(DATA FOR PROCESSING Opens)

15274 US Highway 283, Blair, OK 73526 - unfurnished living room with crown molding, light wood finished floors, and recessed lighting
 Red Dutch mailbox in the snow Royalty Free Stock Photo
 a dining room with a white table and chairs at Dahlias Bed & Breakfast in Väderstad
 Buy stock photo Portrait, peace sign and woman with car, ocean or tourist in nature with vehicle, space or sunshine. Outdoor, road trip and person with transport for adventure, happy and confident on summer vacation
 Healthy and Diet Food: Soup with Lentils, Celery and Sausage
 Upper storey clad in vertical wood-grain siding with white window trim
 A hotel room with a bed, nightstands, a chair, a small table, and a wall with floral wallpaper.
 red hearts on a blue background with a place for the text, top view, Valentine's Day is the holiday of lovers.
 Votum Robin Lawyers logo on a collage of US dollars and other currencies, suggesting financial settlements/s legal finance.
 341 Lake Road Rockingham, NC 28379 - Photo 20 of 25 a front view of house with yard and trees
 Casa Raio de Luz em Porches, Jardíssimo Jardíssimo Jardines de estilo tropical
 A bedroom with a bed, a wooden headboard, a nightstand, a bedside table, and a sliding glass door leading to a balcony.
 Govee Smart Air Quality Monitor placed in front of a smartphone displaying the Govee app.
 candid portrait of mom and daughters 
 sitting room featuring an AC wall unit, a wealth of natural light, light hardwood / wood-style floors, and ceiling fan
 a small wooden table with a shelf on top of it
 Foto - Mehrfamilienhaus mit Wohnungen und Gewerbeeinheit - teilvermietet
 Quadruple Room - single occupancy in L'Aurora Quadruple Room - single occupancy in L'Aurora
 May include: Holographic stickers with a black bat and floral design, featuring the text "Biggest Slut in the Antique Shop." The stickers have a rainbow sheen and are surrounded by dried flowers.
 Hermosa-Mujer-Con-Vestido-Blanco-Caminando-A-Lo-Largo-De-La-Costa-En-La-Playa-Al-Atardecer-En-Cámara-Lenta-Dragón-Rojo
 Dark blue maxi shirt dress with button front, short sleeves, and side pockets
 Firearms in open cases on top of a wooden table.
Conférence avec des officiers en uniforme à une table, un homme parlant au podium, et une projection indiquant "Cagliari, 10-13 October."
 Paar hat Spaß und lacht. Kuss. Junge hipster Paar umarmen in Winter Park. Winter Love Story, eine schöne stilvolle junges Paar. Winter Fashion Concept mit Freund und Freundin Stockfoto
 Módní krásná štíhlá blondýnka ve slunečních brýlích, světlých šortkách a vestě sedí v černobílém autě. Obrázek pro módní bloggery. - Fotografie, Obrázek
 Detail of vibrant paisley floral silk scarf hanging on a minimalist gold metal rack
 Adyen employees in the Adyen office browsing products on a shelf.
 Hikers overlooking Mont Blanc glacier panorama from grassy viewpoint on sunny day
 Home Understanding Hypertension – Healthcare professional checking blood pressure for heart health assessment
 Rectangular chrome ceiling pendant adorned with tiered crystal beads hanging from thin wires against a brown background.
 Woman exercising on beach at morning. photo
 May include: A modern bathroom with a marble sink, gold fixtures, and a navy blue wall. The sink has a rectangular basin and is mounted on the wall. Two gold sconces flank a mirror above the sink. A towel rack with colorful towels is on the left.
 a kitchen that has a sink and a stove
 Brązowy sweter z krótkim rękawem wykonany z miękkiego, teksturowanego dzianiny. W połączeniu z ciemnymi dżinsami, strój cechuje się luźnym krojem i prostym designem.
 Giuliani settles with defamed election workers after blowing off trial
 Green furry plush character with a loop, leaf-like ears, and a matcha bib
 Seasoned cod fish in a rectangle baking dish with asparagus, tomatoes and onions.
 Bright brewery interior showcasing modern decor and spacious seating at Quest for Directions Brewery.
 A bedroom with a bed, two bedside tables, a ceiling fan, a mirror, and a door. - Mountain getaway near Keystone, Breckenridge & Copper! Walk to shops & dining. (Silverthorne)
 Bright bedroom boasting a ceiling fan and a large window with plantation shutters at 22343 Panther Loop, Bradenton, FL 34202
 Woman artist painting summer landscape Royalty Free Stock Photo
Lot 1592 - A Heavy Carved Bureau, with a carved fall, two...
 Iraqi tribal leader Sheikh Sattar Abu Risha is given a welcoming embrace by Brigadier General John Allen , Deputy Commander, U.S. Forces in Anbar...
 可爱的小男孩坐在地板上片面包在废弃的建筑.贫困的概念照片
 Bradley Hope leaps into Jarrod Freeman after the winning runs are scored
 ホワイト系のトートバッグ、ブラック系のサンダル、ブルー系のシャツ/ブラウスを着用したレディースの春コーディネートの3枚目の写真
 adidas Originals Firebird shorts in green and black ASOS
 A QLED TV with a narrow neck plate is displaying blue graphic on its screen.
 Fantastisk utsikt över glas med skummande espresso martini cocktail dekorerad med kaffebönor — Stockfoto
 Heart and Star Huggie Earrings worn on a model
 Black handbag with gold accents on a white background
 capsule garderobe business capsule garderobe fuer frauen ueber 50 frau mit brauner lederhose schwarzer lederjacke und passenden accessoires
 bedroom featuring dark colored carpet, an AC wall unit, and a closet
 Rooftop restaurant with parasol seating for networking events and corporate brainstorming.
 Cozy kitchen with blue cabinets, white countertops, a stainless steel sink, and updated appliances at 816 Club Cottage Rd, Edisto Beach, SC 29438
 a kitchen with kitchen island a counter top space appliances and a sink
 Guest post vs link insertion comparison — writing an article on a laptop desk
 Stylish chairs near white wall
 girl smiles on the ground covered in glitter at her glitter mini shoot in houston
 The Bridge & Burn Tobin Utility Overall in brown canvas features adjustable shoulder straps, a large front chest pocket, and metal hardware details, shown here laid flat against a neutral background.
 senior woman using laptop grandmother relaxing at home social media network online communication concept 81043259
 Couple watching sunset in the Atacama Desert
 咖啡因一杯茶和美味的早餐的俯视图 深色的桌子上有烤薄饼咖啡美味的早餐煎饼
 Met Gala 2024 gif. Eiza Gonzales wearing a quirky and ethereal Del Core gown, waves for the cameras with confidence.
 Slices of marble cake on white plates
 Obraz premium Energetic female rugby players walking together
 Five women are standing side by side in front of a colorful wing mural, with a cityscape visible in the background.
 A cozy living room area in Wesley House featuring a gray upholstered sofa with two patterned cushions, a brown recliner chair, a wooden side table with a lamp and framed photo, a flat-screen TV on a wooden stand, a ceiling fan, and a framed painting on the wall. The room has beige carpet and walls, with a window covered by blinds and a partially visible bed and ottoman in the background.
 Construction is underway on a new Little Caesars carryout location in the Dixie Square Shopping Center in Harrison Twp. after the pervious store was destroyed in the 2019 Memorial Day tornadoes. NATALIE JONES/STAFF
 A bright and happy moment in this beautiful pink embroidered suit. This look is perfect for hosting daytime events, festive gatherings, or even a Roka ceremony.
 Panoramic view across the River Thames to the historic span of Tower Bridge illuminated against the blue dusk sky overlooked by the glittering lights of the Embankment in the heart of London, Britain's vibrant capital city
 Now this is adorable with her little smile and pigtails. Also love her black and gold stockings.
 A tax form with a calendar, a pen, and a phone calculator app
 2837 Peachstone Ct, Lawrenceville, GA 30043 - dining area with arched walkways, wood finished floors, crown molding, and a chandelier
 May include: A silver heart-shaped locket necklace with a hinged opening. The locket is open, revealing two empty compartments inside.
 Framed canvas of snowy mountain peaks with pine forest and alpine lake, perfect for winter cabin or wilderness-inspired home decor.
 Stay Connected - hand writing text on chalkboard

(DATA FOR PROCESSING Closes)

• WHAT TO PRODUCE
Transcribe the records above from the line holding "ホワイト系のトートバッグ、ブ" down to the line holding "Rooftop restaurant with", inclusive, without adding anything.

• RESULT OF THIS TASK
 ホワイト系のトートバッグ、ブラック系のサンダル、ブルー系のシャツ/ブラウスを着用したレディースの春コーディネートの3枚目の写真
 adidas Originals Firebird shorts in green and black ASOS
 A QLED TV with a narrow neck plate is displaying blue graphic on its screen.
 Fantastisk utsikt över glas med skummande espresso martini cocktail dekorerad med kaffebönor — Stockfoto
 Heart and Star Huggie Earrings worn on a model
 Black handbag with gold accents on a white background
 capsule garderobe business capsule garderobe fuer frauen ueber 50 frau mit brauner lederhose schwarzer lederjacke und passenden accessoires
 bedroom featuring dark colored carpet, an AC wall unit, and a closet
 Rooftop restaurant with parasol seating for networking events and corporate brainstorming.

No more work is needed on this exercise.